Le parent décrit l’expérience de l’enfant durant le soin et la contention physique, ainsi que ses émotions et celles de son enfant (tableau 2). Pour son enfant, le parent mentionne majoritairement de la peur et la douleur : « autant là ils ont beaucoup de mal à la piquer donc euh elle a mal donc ça a été compliqué » (enquêtée 2). « Oui mais elle c’est la peur, l’angoisse qu’elle a. C’est pour ça, elle crie » (enquêtée 6).

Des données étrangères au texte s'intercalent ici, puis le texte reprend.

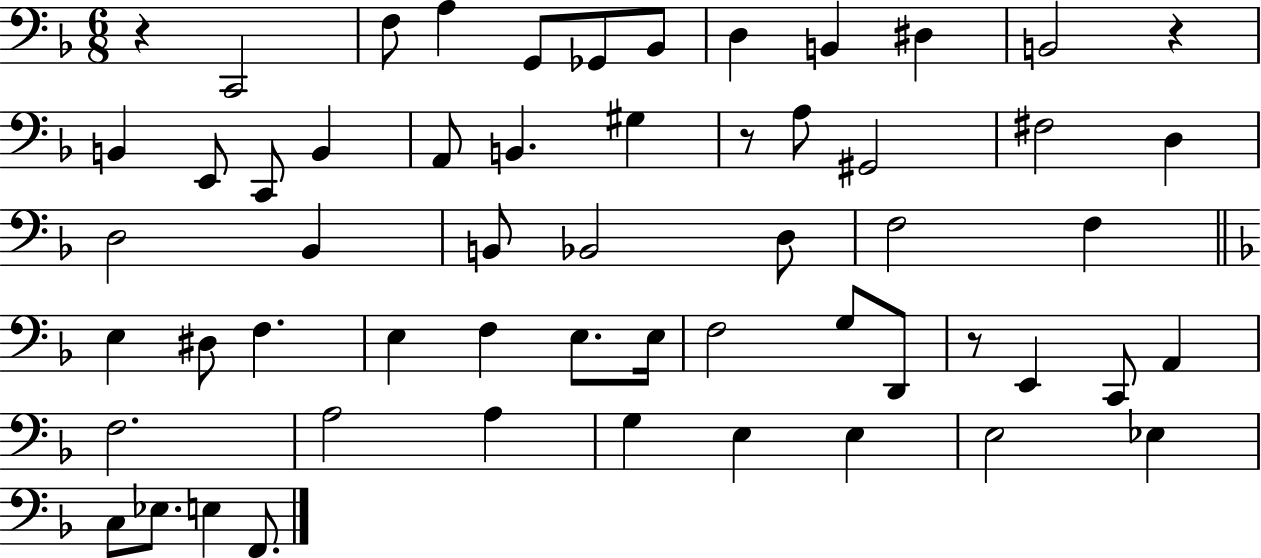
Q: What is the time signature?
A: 6/8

Le parent relate également ses propres émotions. Deux profils sont distingués. Certains se sentent inconfortables durant la procédure avec de la détresse et de l’angoisse. « Non je la tiens, je la maintiens… je lui parle mais bon… moi ça me fait mal… » (enquêtée 6). Une seule (l’enquêtée 5) est sortie du box de consultation au cours du soin car elle n’a pas supporté de voir son enfant tenue par plusieurs soignants. Pour les autres, la frustration et l’impuissance face à la détresse de leur enfant les mettent en difficulté : « mais c’est dur de voir son enfant… bah… obligé à des soins. Après bah il faut… je m’oppose pas… parce que c’est important pour le soigner… mais c’est très dur à vivre pour un parent » (enquêté 1). D’autres décrivent une scène s’apparentant à une situation ordinaire, sans affect particulier. La retenue physique est normalisée et est perçue comme une étape nécessaire à la réalisation du soin. La perception émotionnelle de la situation s’efface au profit de l’objectif poursuivi « moi ça m’dérange pas, y’a pas de problème (rire). Voilà » (enquêtée 3).

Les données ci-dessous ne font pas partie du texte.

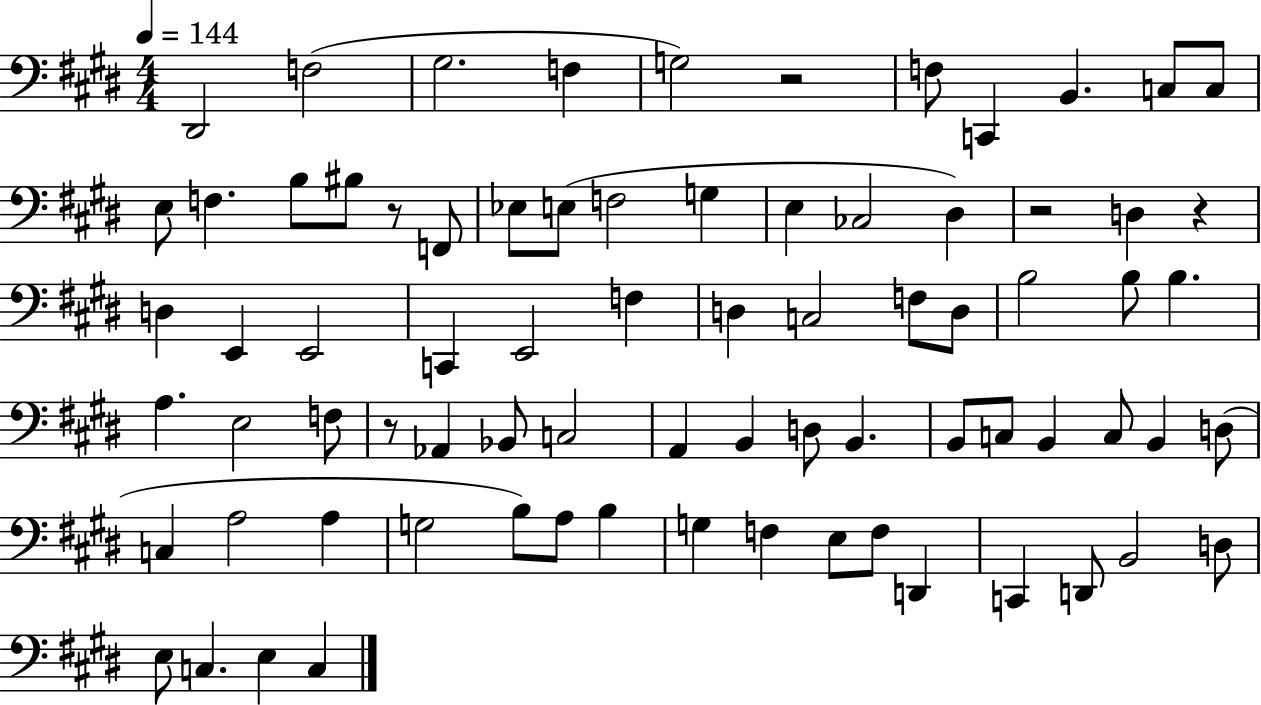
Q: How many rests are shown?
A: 5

Tableau 2 : Expériences émotionnelles

Un état émotionnel inédit = un événement

Ses émotions entraînent un état d’énervement inédit pour l’enfant, décrit par la moitié des enquêtés. Ils n’avaient jamais vu leur enfant dans cet état. « C’est la première fois. Elle n’a jamais été dans une situation comme ça, de force euh… » (enquêtée 8). « Non moi à ce point-là, je ne l’avais jamais vue » (enquêtée 10).

La contention physique : une procédure justifiée

Les participants justifient systématiquement la retenue physique appliquée lors du soin.

L’intérêt supérieur de l’enfant

Spontanément, elle se légitime par le fait qu’elle est effectuée par le soignant dans l’intérêt de l’enfant, et donc de la réalisation du soin prescrit en urgence. Le parent a conscience que son enfant n’est pas tenu dans l’intention de lui nuire.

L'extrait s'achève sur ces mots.